Görsel 113: 1. Doğu Türkistan’ın önemli bir sanat merkezi olan Kızıl’da bulunan çift başlı kartal

şeklinde tasvir edilmiş “Garuda”, 7-8. yy. (Çoruhlu, 2014, s.257).

Görsel 114: 2. Minyatür, bordür ayrıntısında “Simurg” figürü, 17. yy., Hindistan. (Çoruhlu, 2014,

ss.257,261).

Phoenix kuşu, aslında Eski Mısır’daki “Benu Kuş”dur. Güneşin sembolü olan bu kuş, en büyük Tanrı’nın formlarından biridir. Phoenix, Hristiyanlıkta İsa’nın yeniden doğuşunun da simgesidir. Uzun bir hayata sahip olan bu kutsal kuş, hayatının son evresinde kendini yakar ve küllerinden daha genç olarak yeniden doğar. Phoenix, yeniden doğuşun, sonsuz yaşamın, zaferin, barışın ve mutluluğun sembolüdür (Çoruhlu, 2014, s.17).

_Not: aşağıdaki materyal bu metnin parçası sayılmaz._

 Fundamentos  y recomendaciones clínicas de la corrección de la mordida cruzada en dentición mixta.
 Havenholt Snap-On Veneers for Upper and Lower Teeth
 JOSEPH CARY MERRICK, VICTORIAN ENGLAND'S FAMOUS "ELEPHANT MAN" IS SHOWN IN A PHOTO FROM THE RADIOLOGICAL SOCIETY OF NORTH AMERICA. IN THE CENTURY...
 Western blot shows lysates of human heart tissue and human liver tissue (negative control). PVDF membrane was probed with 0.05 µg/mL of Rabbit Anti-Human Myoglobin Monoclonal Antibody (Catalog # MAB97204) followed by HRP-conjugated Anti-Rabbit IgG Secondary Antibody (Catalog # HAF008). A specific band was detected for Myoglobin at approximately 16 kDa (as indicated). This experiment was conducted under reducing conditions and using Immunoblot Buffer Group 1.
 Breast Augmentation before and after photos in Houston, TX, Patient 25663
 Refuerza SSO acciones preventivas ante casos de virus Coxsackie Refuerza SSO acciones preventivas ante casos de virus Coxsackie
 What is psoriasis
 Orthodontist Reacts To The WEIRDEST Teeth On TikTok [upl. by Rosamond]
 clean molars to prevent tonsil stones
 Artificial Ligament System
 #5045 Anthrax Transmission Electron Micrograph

Kaf dağının ardında, Dünya ağacının zirvesinde yaşadığına inanılan Anka kuşunun rengarenk tüyleri, göz alıcı kanatları olduğu ve yüzünün insan yüzüne benzediği belirtilmektedir. Mısır’da ölümsüzlüğün simgesi olan Anka kuşu, ölüm anı yaklaştığı an mis kokulu ağaç dallarından bir yuva yapar, sonra kendini ateşe verir ve küllerinden tekrar doğar (Gezgin, 2007, ss.19-23).

Çinlilerin dört yüce hayvan sembollerinden biri kızıl ankadır ve “fırsat” anlamına gelmektedir (Buckland, 2011:88). Roma İmparatorluğunda da ölümsüzlüğün simgesi olarak madeni paranın üzerinde Anka kuşu motifi kullanılmıştır (Gezgin, 2007, s.23).

Bir rivayete göre, Musa peygamber zamanında yaratılan Anka kuşu, Hicaz’a göç eder ve orada küçük çocukları kapıp götürdüğü için Halit peygamber tarafından nesli tüketilmiştir (Çoruhlu, 2014, s.15).

Türk geleneği ile İslamiyet arasında bir uyum sağlandığında, dünyevi hayallerin silinmesine neden oldu. Fakat, Hakani Türk sülalesi üyelerine ait; evren (ejder), aslan, böri (kurt), tuğrıl (tuğrul), karakuş (kartal), toğan (doğan) gibi

120

ongunlar, dini olmayan sanatlarda yer almaya devam etmiştir. Daha sonraları Selçuklular gibi müslüman Türk sülalerince benimsenmiştir (Esin, 1985, s.16).